(Items listed in a dataset)
━━━━━━
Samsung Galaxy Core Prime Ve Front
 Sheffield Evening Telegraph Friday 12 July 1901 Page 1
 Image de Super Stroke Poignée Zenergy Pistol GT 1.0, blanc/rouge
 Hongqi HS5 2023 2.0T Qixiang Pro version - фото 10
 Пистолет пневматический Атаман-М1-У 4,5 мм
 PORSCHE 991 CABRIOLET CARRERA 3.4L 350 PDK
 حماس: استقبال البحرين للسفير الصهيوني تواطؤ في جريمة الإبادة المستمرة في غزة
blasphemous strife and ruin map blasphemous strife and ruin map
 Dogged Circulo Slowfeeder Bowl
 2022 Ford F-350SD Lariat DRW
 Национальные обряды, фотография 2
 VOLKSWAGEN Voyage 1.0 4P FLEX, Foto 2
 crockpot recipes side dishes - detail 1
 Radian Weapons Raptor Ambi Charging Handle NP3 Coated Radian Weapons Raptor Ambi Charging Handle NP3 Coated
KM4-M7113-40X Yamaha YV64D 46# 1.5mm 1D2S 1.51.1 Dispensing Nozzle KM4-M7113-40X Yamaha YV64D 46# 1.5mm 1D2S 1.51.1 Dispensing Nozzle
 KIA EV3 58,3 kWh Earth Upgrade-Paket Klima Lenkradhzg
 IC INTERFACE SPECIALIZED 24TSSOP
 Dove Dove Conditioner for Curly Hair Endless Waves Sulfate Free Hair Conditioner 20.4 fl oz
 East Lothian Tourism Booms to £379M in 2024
━━━━━━
▶ Your objective: Your task is to restate, word for word, only those lines above that fall between the line holding "Sheffield Evening Telegraph Friday" and the line holding "حماس: استقبال البحرين", inclusive.

▶ Exercise output:
 Sheffield Evening Telegraph Friday 12 July 1901 Page 1
 Image de Super Stroke Poignée Zenergy Pistol GT 1.0, blanc/rouge
 Hongqi HS5 2023 2.0T Qixiang Pro version - фото 10
 Пистолет пневматический Атаман-М1-У 4,5 мм
 PORSCHE 991 CABRIOLET CARRERA 3.4L 350 PDK
 حماس: استقبال البحرين للسفير الصهيوني تواطؤ في جريمة الإبادة المستمرة في غزة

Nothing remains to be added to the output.